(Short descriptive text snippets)
>>>

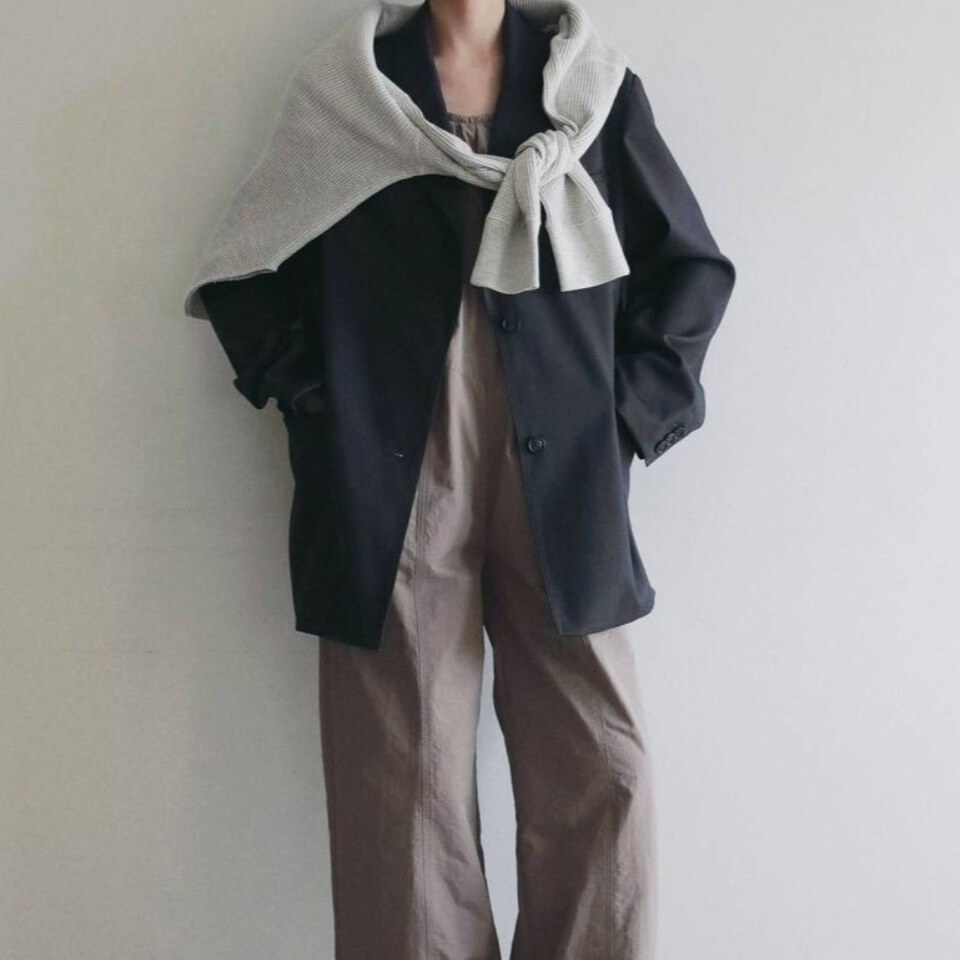寬版西裝外套 Hightwist Over Jacket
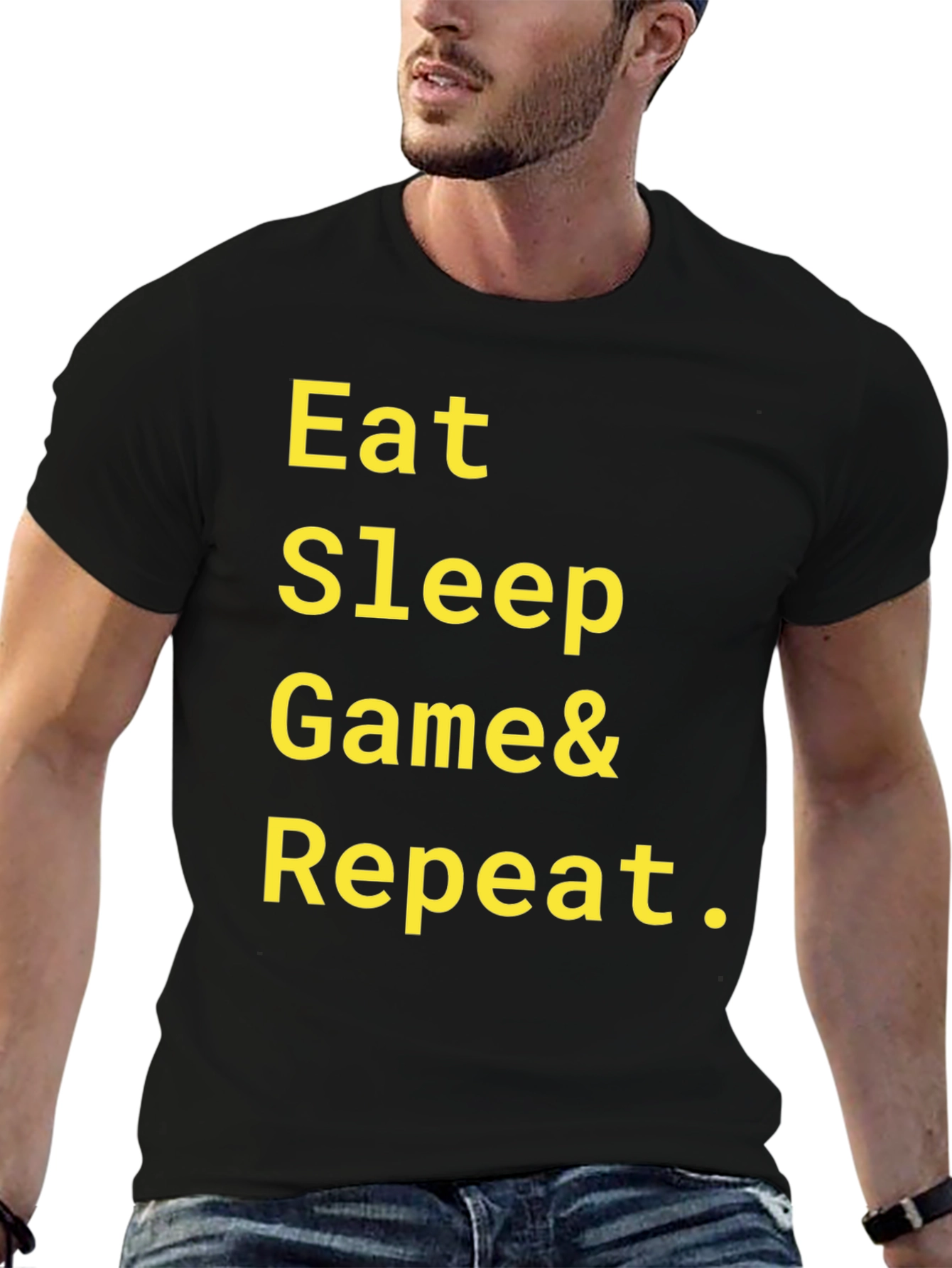 Eat Sleep Game Repeat T-Shirt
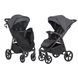 Коляска прогулочная CARRELLO Bravo CRL-5515 Storm Grey 2024, серая, Карелло Браво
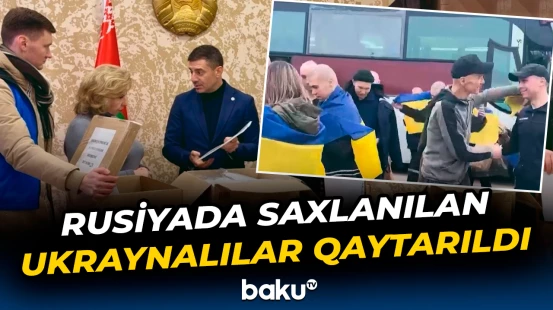 Rusiyada saxlanılan ukraynalı əsirlərə humanitar yardım göstərilib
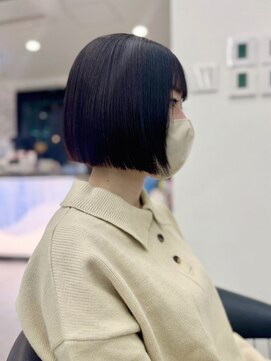 ギグスダブル 栄店(gigs double) ショートボブ/ストレート/ナチュラルブラウン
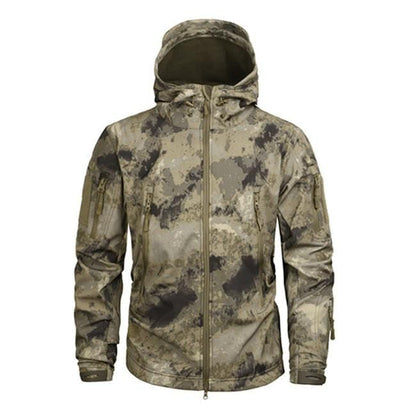 Jacket Waterproof Hooded With Zippered Pockets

<<<

→ Instructions for the task
From the line containing "ギグスダブル 栄店(gigs double) ショートボブ/ストレート/ナチュラルブラウン" to the final line of the entries, both included, transcribe every line exactly, omit the pictures, and add nothing more.

→ Written answer
 ギグスダブル 栄店(gigs double) ショートボブ/ストレート/ナチュラルブラウン
 Jacket Waterproof Hooded With Zippered Pockets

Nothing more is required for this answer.